Asif now volunteers to help refugees settle in the area and has organized supply drives.
In an interview, Asif said the main concern she has is the high fees people must pay to apply for refugee status. It costs $535 to file I-130 immigration forms. Local organizations like International Neighbors have been trying to help people cover these fees for family members’ applications.
“If anyone can help us, they can call their senators to [ask them to] waive the fees … because every form has that high cost … it’s hard when you’re trying to relocate seven family members,” Asif said.
Charlottesville City Council Lloyd Snook encouraged community members to embrace Afghan refugees and support their needs.
“Throughout our history, Americans have welcomed immigrants with open arms. Unfortunately, there have also been times when we’ve turned our backs on people fleeing desperate situations. Now we again must choose—will we embrace them, or will we push them away?” he said.
“This is going to be a challenge for this community, but we know that Charlottesville and Albemarle will respond by giving the Afghans a warm welcome and by giving them the help that they need.”
Snook said the major needs the refugees will have are affordable housing and jobs.
Ned Gallaway, chair of the Albemarle County Board of Supervisors, asked the community to consider what direct action they can take to welcome refugees.
“The big affordable housing crisis is not going to be solved over the next couple of weeks so in the meantime, if you’re a landlord or you’re somebody that has a house or space available and can make that available to this effort, we need to hear from you. You can specifically reach out to the IRC, and they will work with you,” he said.
“If you’re a new business or you’re open and running, consider providing some job opportunities for those who are relocating.”
Harriet Kuhr, director of the IRC’s Charlottesville and Richmond offices, said the most major need the organization is trying to fill for refugees is housing.

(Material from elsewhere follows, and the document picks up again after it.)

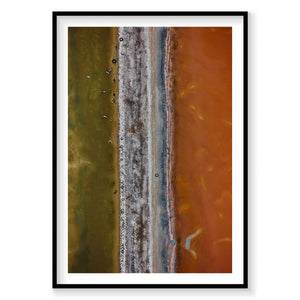 Aerial view of Tyre Pit at Great Salt Lake with golden and orange waters, photography print by Remy Gerega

There are a lot of legal restrictions. For example, people can’t put refugees up in a spare room. It must at least be a separate apartment. They’ve also struggled to find people willing to lease to refugees with no American credit history.
“We’re struggling even to find temporary housing, because we’re putting people into hotels, and the hotels are filling up,” she said. “The way we usually work with refugees we might know three weeks ahead of time and we have time to plan; we’re getting people in one and two days notice right now.”
Kuhr said IRC is looking for individual people as well as organizations such as churches and other faith groups who are willing to lease out spaces to refugees as well as people interested in volunteering to help refugees settle in the area.
“We need volunteers that can help teach people English, drive them to appointments, things like that during those first six months, and help them get really oriented to life in this country,” Kuhr said.